1st and foremost WELCOME to the Lawn forum

So how much water are you putting down every time you water?
If your answer is 'I water for blank blank minutes you dont know how much you are watering. Put out some empty tuna cans or get something like this http://a.co/cgZf5xt . Next water for 15 min and measure with a ruler how much was put down. 
Many people are often surprised by how little they are actually watering.
How many times a day or week have you been watering?
Do you have an irrigation system?
Have you put down any chemicals or weed killer?


----------



## musicjohnny (Jun 30, 2018)

Spammage said:


> @musicjohnny I don't want to question @viva_oldtrafford, but do you have a dog? It looks like a dog is fertilizing spots in the "bad" sod and making it look great. If so and you are keeping it well watered, then I'm thinking a starter fertilizer application on the whole yard would be a good thing.
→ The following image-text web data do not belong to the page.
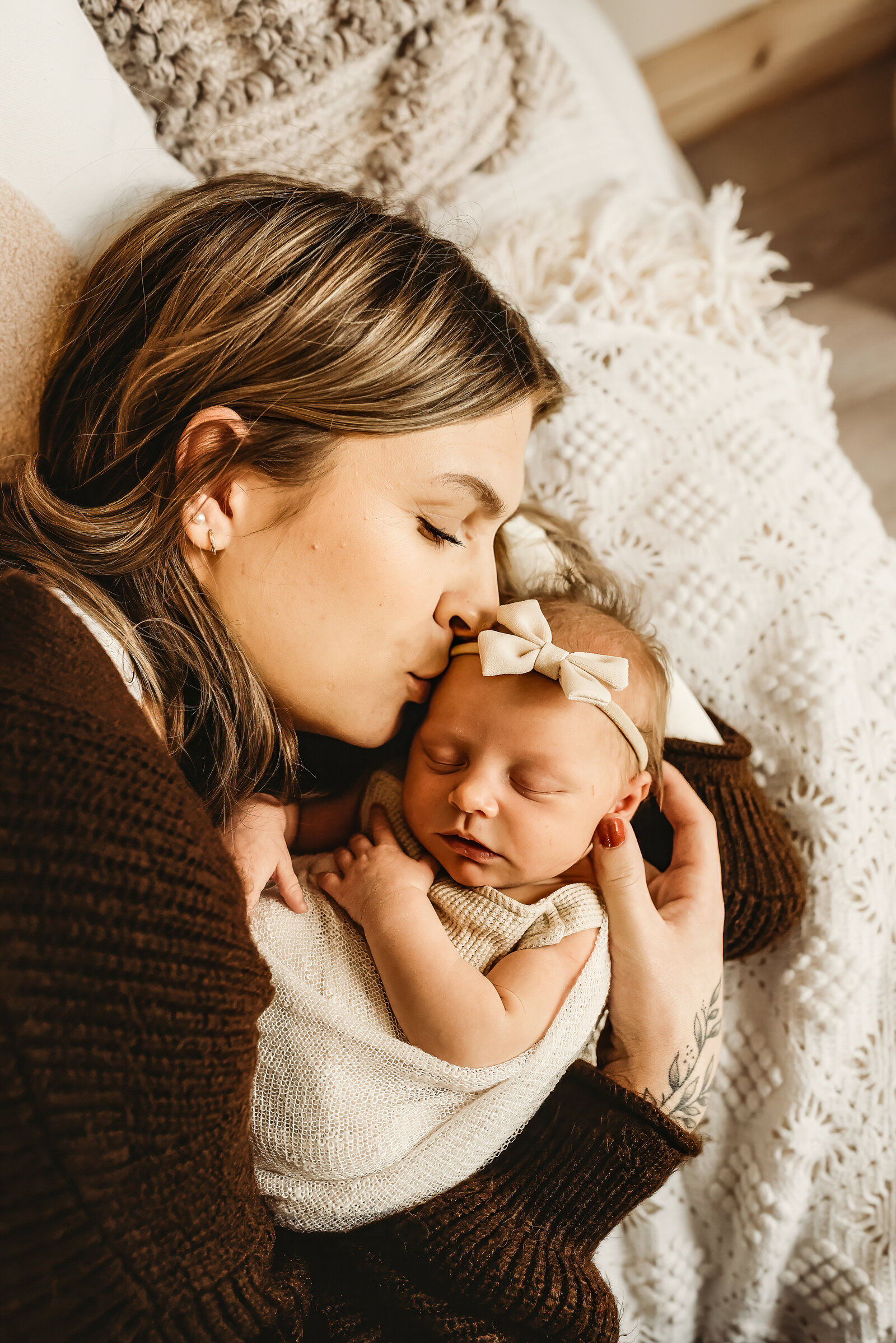 Holding tight to her newborn baby girl, a momma snuggles and gives a little kiss to someone so tiny that holds momma's whole heart. 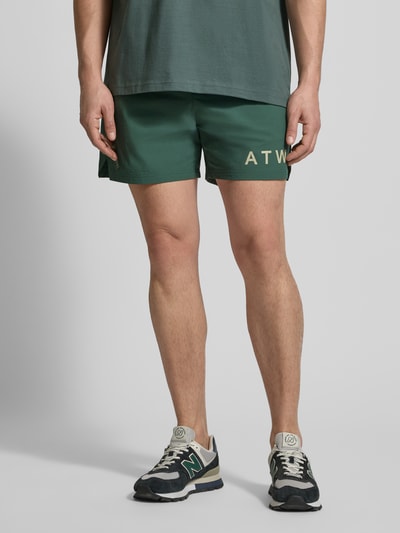 Männermodel trägt Shorts mit elastischem Bund von HALO in Grün mit Label-Print, Material-Mix mit Stretch-Anteil, Regular-Fit, Nahaufnahme Unterkörper.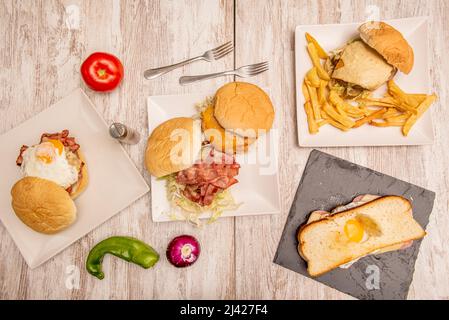 Fastfood-Gerichte mit verschiedenen Burgern, hausgemachten pommes frites, Sandwich mit Spiegelei und Tomaten und Paprika auf dem eingelegten Holztisch Stockfoto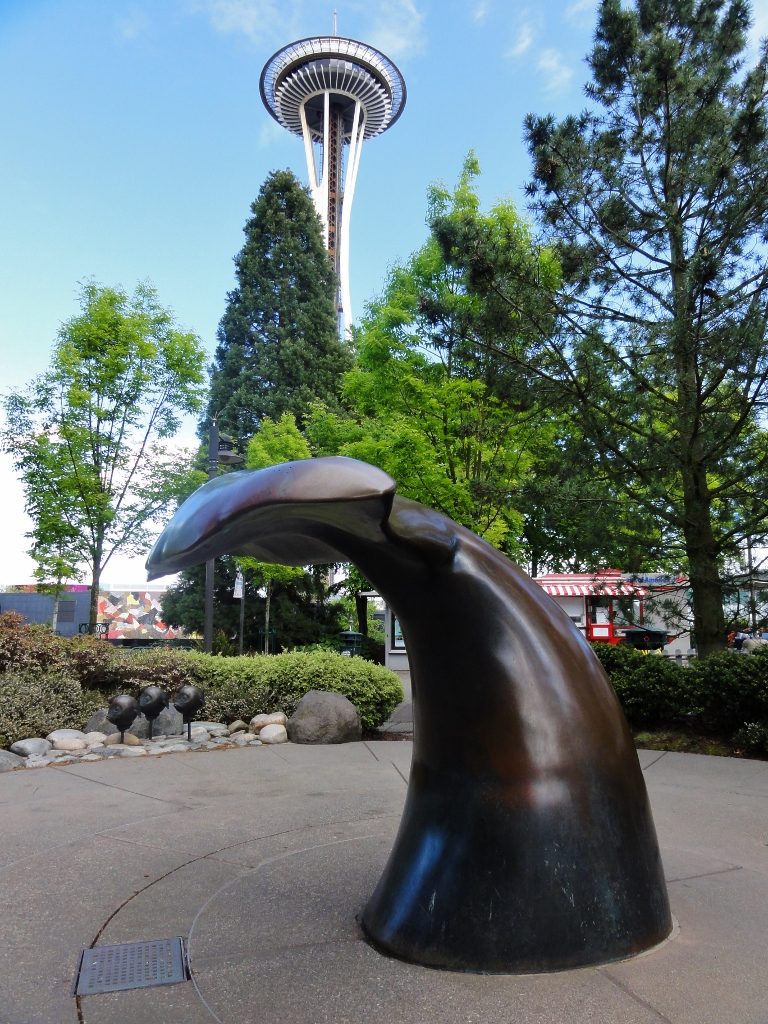 Image shows a whale's tail, curved as if the animal is diving, with the Space Needle in the background just past a screen of various trees.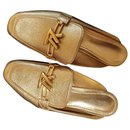 Louis Vuitton Pantoletten goldene Ledersandalen - Autre Marque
Hmmm....we do! I hadn't even really noticed those spots before you pointed them out. So yeah, maybe a little fertilizer could start to work.


----------



## musicjohnny (Jun 30, 2018)

Tellycoleman said:


> 1st and foremost WELCOME to the Lawn forum
> 
> So how much water are you putting down every time you water?
> If your answer is 'I water for blank blank minutes you dont know how much you are watering. Put out some empty tuna cans or get something like this http://a.co/cgZf5xt . Next water for 15 min and measure with a ruler how much was put down.
> ...


Hey Telly! I'm going for around 3 inches per week. It's lrobably been a little more than that over the last 2 weeks cause we've had some heavy rain. Not irrigation system, just a lot of moving sprinklers around to try to get even coverage across the lawn. And no chemicals so far either, I wasn't really sure what to put down and I didn't want to mess anything up, so I just went with water haha.


----------



## fp_911 (Apr 10, 2017)

Our sod 4 years ago had army worms when they delivered it to our home. Of course the builder did nothing because we had already closed.

Took me about a year and a lot of reading on Bermuda lawns to get things working. Was so mad I considered nuking my entire lawn, but it bounced back!


----------



## musicjohnny (Jun 30, 2018)

fp_911 said:


> Our sod 4 years ago had army worms when they delivered it to our home. Of course the builder did nothing because we had already closed.
> 
> Took me about a year and a lot of reading on Bermuda lawns to get things working. Was so mad I considered nuking my entire lawn, but it bounced back!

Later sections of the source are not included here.